Clinical pitfalls and serological diagnostics of MuSK myasthenia gravisopen access
- Authors
- Kwon, Y.N.; Woodhall, M.; Sung, J.-J.; Kim, K.-K.; Lim, Y.-M.; Kim, H.; Kim, J.-E.; Baek, S.-H.; Kim, B.-J.; Park, J.-S.; Seok, H.Y.; Kim, D.-S.; Kwon, O.; Park, K.H.; Sohn, E.; Bae, J.S.; Yoon, B.-N.; Kim, N.-H.; Ahn, S.-W.; Choi, K.; Oh, J.; Park, H.J.; Shin, K.J.; Lee, S.; Park, J.; Kim, S.H.; Seok, J.I.; Bae, D.W.; An, J.Y.; Joo, I.S.; Choi, S.-J.; Nam, T.-S.; Kim, S.; Park, K.-J.; Kwon, K.-H.; Waters, P.; Hong, Y.-H.
- Issue Date
- Mar-2023
- Publisher
- Springer Science and Business Media Deutschland GmbH
- Keywords
- Anti-MuSK antibody; Cell-based assay; ELISA; Radioimmunoprecipitation assay; Seronegative myasthenia gravis
- Citation
- Journal of Neurology, v.270, no.3, pp 1478 - 1486
- Pages
- 9
- Journal Title
- Journal of Neurology
- Volume
- 270
- Number
- 3
- Start Page
- 1478
- End Page
- 1486
- URI
- https://scholarworks.bwise.kr/cau/handle/2019.sw.cau/71227
- DOI
- 10.1007/s00415-022-11458-4
- ISSN
- 0340-5354
1432-1459
- Abstract
- Background: We aimed to evaluate the diagnostic accuracy of enzyme-linked immunosorbent assay (ELISA) for anti-muscle specific tyrosine kinase (MuSK) antibody (Ab) in a large cohort of anti-acetylcholine receptor (AChR) Ab-negative generalized myasthenia gravis (MG), and also to investigate clinical contexts for the diagnosis of MuSK MG. Methods: A retrospective study of 160 patients with a clinical suspicion of AChR Ab-negative generalized MG was performed. The serum samples were tested for anti-clustered AChR Ab by cell-based assay (CBA), anti-MuSK Ab by ELISA, CBA and/or radioimmunoprecipitation assay (RIPA). Clinical data were compared between anti-MuSK Ab-positive MG and double seronegative (AChR and MuSK) MG groups. Results: After excluding non-MG and clustered AChR Ab-positive patients, we identified 89 patients as a cohort of AChR Ab-negative generalized MG. Anti-MuSK Ab was positive by ELISA in 22 (24.7%) patients.

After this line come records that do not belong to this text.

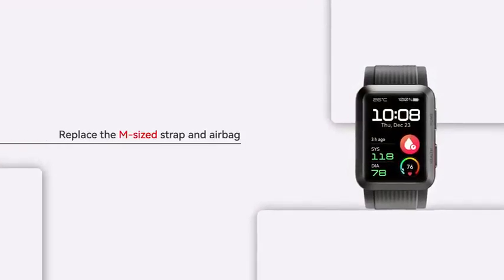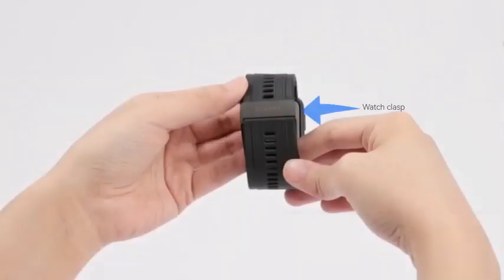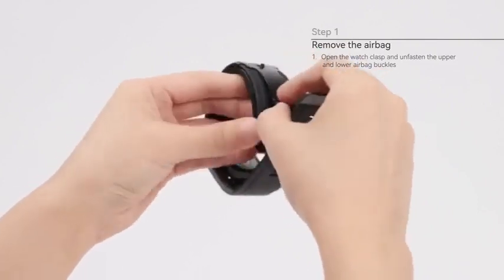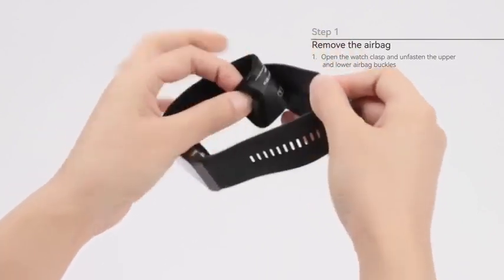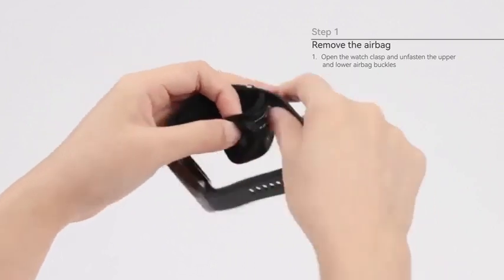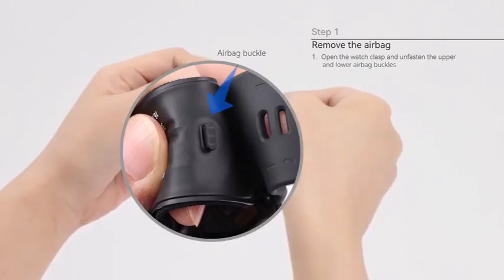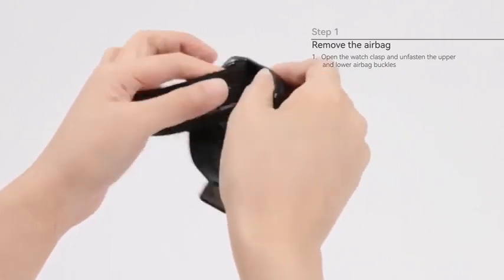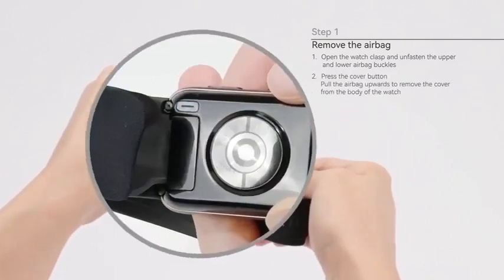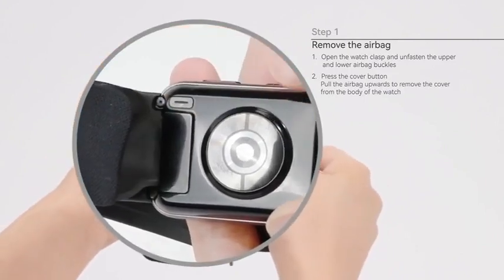Replace the M sized strap and airbag. Step 1: Remove the airbag. Open the watch clasp and unfasten the upper and lower airbag buckles. Press the cover button and pull the airbag upwards to remove the cover from the body of the watch.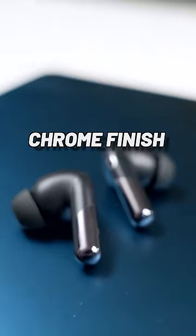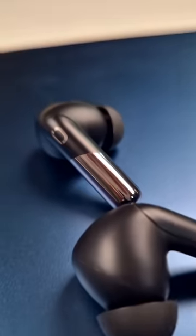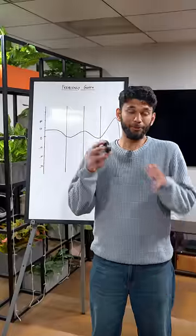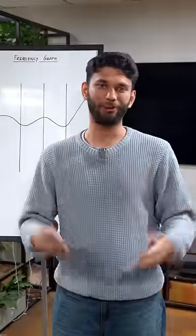The buds come with a chrome finish on the case, so it looks premium and in long usage, scratches show up less. You also get 12.4mm peak plus titanium drivers — in simple words, the audio is good. You will enjoy watching movies and podcasts.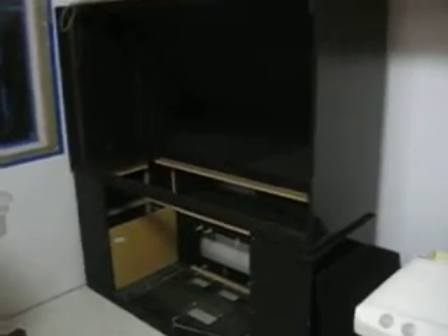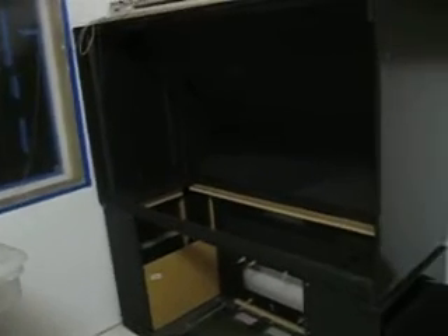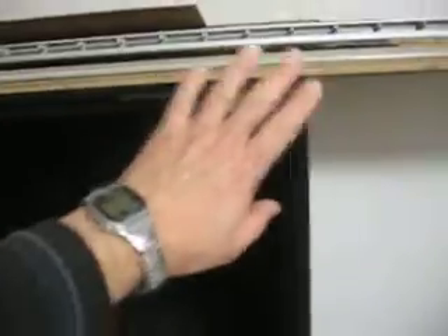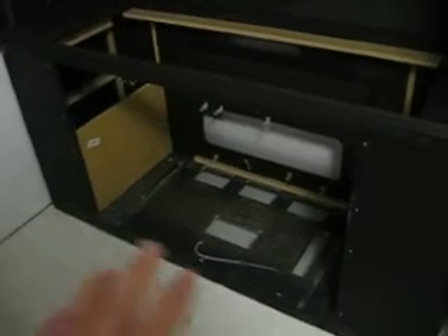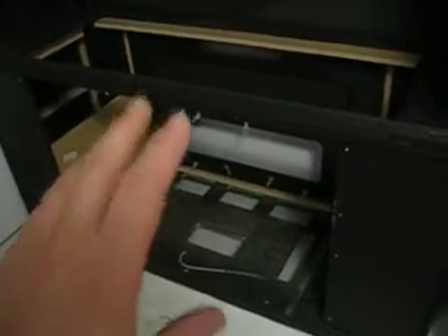I'm converting an old big screen TV into a laminar flow hood of sorts. I took the screen off of the top half, I took the guts out of the bottom, and I actually had to turn the top half — the top half lifts off the bottom half, and I turned it around because this side of the unit is open enough that I can get at it.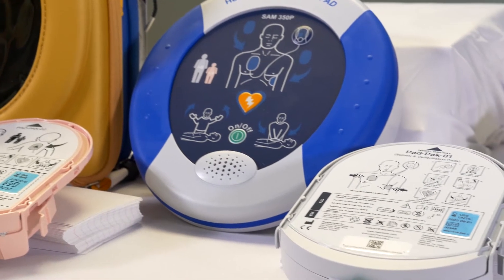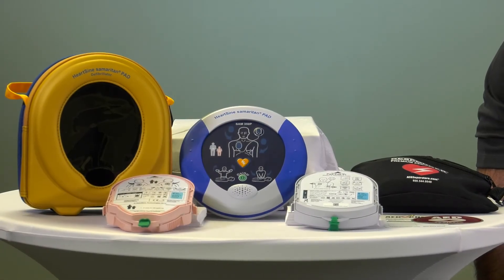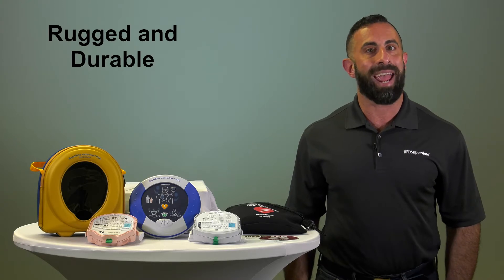Even though the AED is compact, it has the highest level of protection against dust and water with an IP rating of 56, which makes it rugged and durable.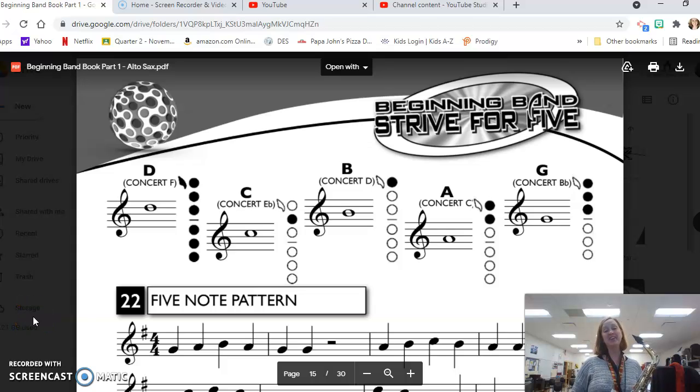Hi, this is Mrs. Knopf and today we are going to continue in our method book on the alto saxophone with line 22, five note pattern. Before we get started on this line we have a fingering chart, and I want to point this out because it is such a cool feature of this method book. The fingering chart that shows up on every page or every other page only has the notes needed on those pages, and that is such a cool feature.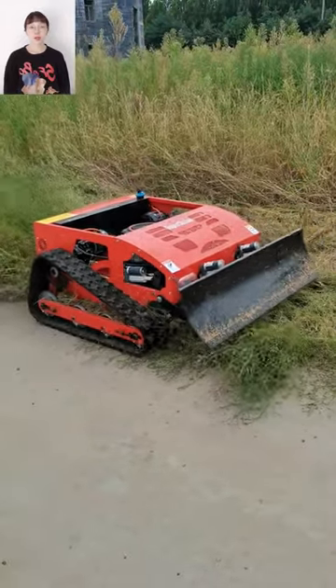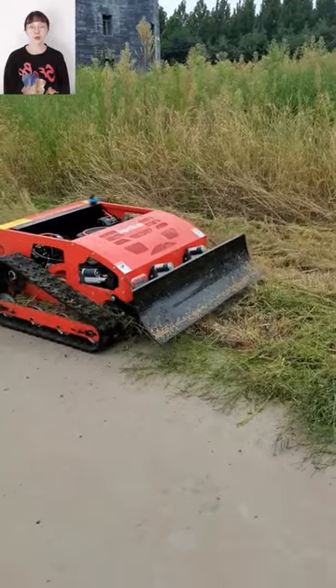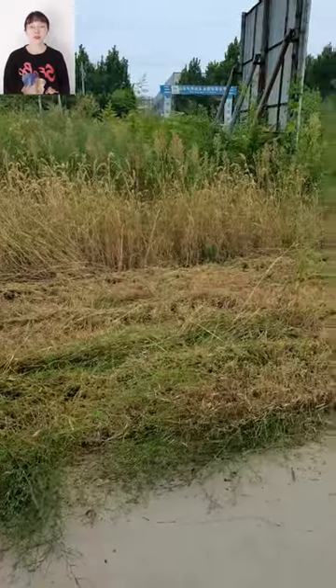The high quality blade is imported from Italy, and the clamps can be moved up and down to adjust the height of the blade.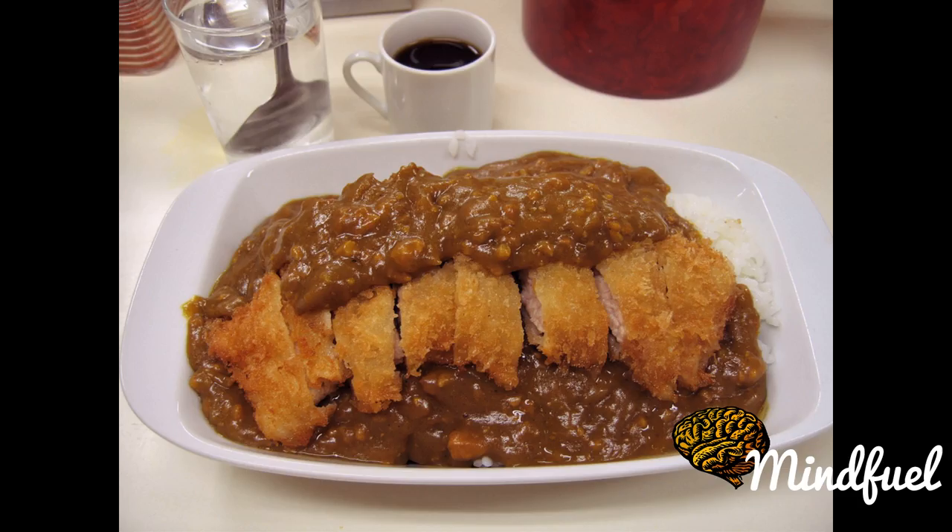Tonkatsu is generally served with shredded cabbage. It is most commonly eaten with a type of thick Worcestershire sauce called tonkatsu sauce, or simply sosu, sauce, karashi mustard, and perhaps a slice of lemon. It is usually served with rice, miso soup and tsukemono, and eaten with chopsticks. It may also be served with ponzu and grated daikon instead of tonkatsu sauce.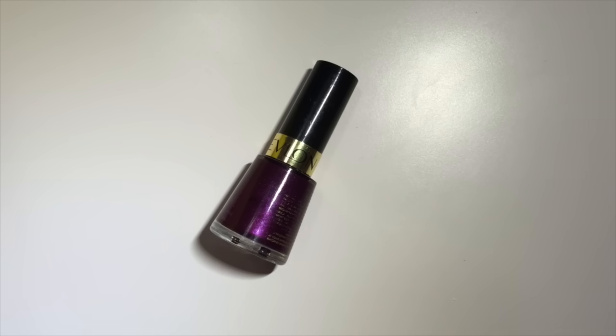Hey guys, welcome back to my channel. It's Simply Aesthetic here, and today I am going to be showing you how to make any nail polish matte.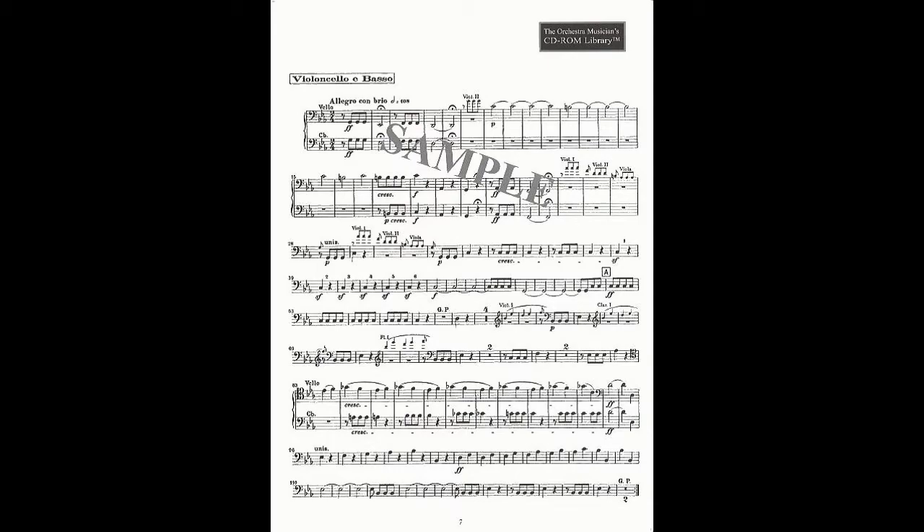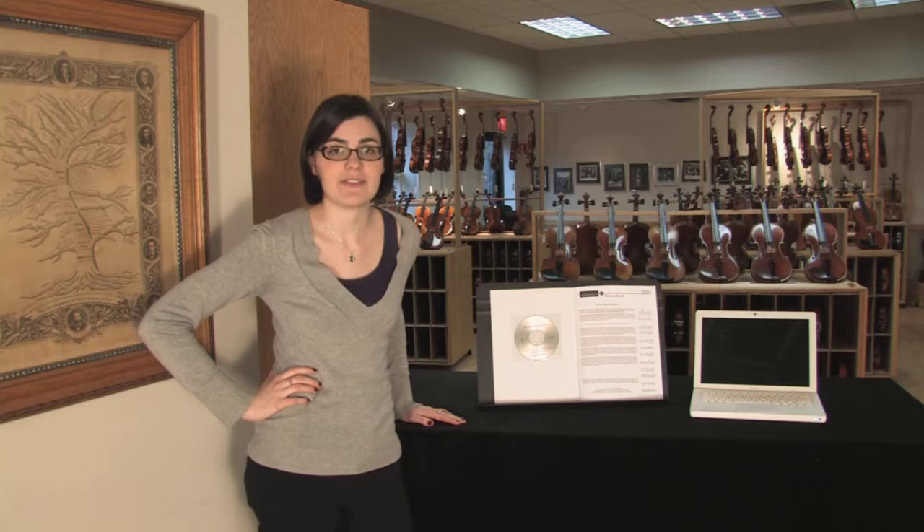Each CD-ROM contains pieces in their entirety which are able to print out multiple times. The violin CD-ROMs have the first violin parts and second violin parts available, which are sometimes hard to find. A great benefit to being able to print these off multiple times is marking different fingerings for different choices you make or bracketing off different sections for auditions.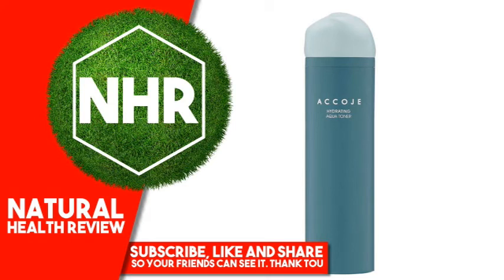Acoje, Hydrating, Aqua Toner, 130ml. Product Overview. Description.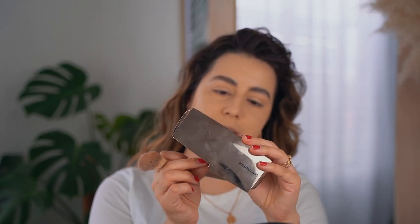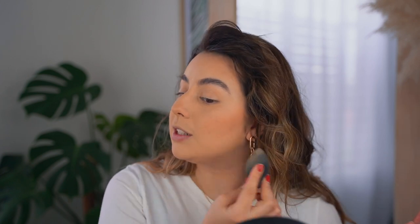I'm going to use the Hourglass Ambient Lighting Palette Volume 2 and mix all the colors to do a little bit of contour and bronzing, just to give back a little bit of definition to my face. It's not about changing my face — I just want to add a little bit of warmth and that healthy glow. Then I'm going to tap with the sponge to uncover some spots and give a little bit of reality back to the makeup — I kind of like that it makes it feel like I'm wearing less makeup.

While CBA identified five additional anti-MuSK Ab-positive patients, the results of ELISA were mostly consistent with CBA and RIPA with Cohen’s kappa of 0.80 and 0.90, respectively (p < 0.001). The most frequent differential diagnosis was motor neuron disease particularly of bulbar onset which showed remarkably overlapping clinical and electrophysiological features with MuSK MG at presentation. Conclusion: While confirming the highest sensitivity of CBA for detecting anti-MuSK Ab, our results highlight the clinical pitfalls in making a diagnosis of MuSK MG and may support a diagnostic utility of MuSK-ELISA in clinical practice. © 2022, The Author(s).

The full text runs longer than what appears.